All it would take to track down the address of a previously unknown session ID field is comparing a whole lot of packets from a single session to see which bits never change, probably trying a couple hands-full of different candidate addresses that turns up. (You can do this with your own copy of the game, no cracking of anyone else needed at this stage.)
It’s either there in the packet, there in an encrypted payload, or just not there.
Stephen "DarkSyde" Andrew says
You’ll just have to trust me buddy, I have good reason to believe we know what we’re doing here ;)
Nentuaby says
Pardon my bluntness, but the tone of comment 8 reads as pretty condescending and that has got my blood up.
Your post is on a very interesting topic, but it contains a number of technical inaccuracies and confusingly misapplied technical terms. At the very least it doesn’t convey its meaning to a fellow professional. After I tried a couple of probes to see whether the problems were just from conversion to layman’s terms, you went to Argument From Hidden Authority.
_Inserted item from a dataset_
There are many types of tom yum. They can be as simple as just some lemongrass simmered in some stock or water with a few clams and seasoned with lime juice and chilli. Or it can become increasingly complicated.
I certainly cannot actually say you don’t have good reasons (or that you owe them to me)– but I have no evidence of them. This was a disappointing conversation.
grung0r says
You seem to be suggesting that you believe you know of zero day exploit(s) that no one else knows about, and that if this information were revealed then evil hackers(who somehow don’t know about these “gaps”) would go around exploiting them until Microsoft or Intel or someone(who presumably also don’t know about these “gaps”, or are covering them up since the problem is so intrisinc to the platform) fixed them.
Have you always suffered from delusions of grandeur, or is this a new thing for you?
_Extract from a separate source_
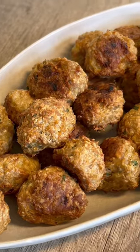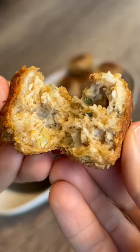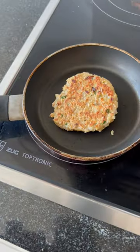You can place them into the freezer and bake them in an oven or an air fryer whenever you need it. Or you can eat them as an appetizer, and you can also turn the mixture into a burger patty and make a healthier chicken burger.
Incidentally, if you do in fact know of publicly unknown “security gaps in PC’s”, then if you have an ethical bone in your body you will reveal them publicly post haste, because that’s the only way they will get fixed. If you lack the ethics bone, then I’m pretty sure there are some Russian hackers out there with bags of money they would be willing to part with in exchange for such information. Hurry, before someone else beats you to it!
Stephen "DarkSyde" Andrew says
Not trying to get your blood up and I’m sorry if that what’s happened. I’m simply saying you should trust me on this, at least for now.
Stephen "DarkSyde" Andrew says
I’m not the only one that knows about it by a long shot. The “Russian hackers” are well in hand. And guys I’m not trying to be evasive or come off like a smart ass here. Hopefully, if I do future posts about the industry, they will help me earn your trust.
Anri says
Typical net-advert irony:
Sidebar ad on this page for a Diablo III ‘fully stocked’ service.
. . .
Does anyone else get this is the equivalent of mailing your home address, your car keys and vehicle title so Some Guy On The Internet, hoping you’ll get an episode of Pimp My Ride? Sheesh. I’m stupid, but I’m not that stupid.
Now, I am working with this nice guy from Nigeria about a bank account he needs help with…
(Yes, that’s a joke.)
grung0r says
Then how could you revealing it have any negative consequences? If you are not the only one who knows about it by a long shot, why would you keep the information from your readers? I can think of two possibilities. 1:you are an authoritarian, paternalistic douchebag. or 2:you are a delusional, authoritarian, paternalistic douchebag. Given that your ego allowed you to conclude that no one in the world could steal diablo session id’s because you and your friend were unable to do it in four hours using script kiddie tools, I’m leaning towards option 2.
For the record, despite your delusions, I agree with your conclusion that no one is hacking session id’s. Why got to all the effort of a technical solution when all the low hanging fruit is ripe for the picking? I don’t see why one would need to load up wireshark to come to this conclusion, but to each their own I guess.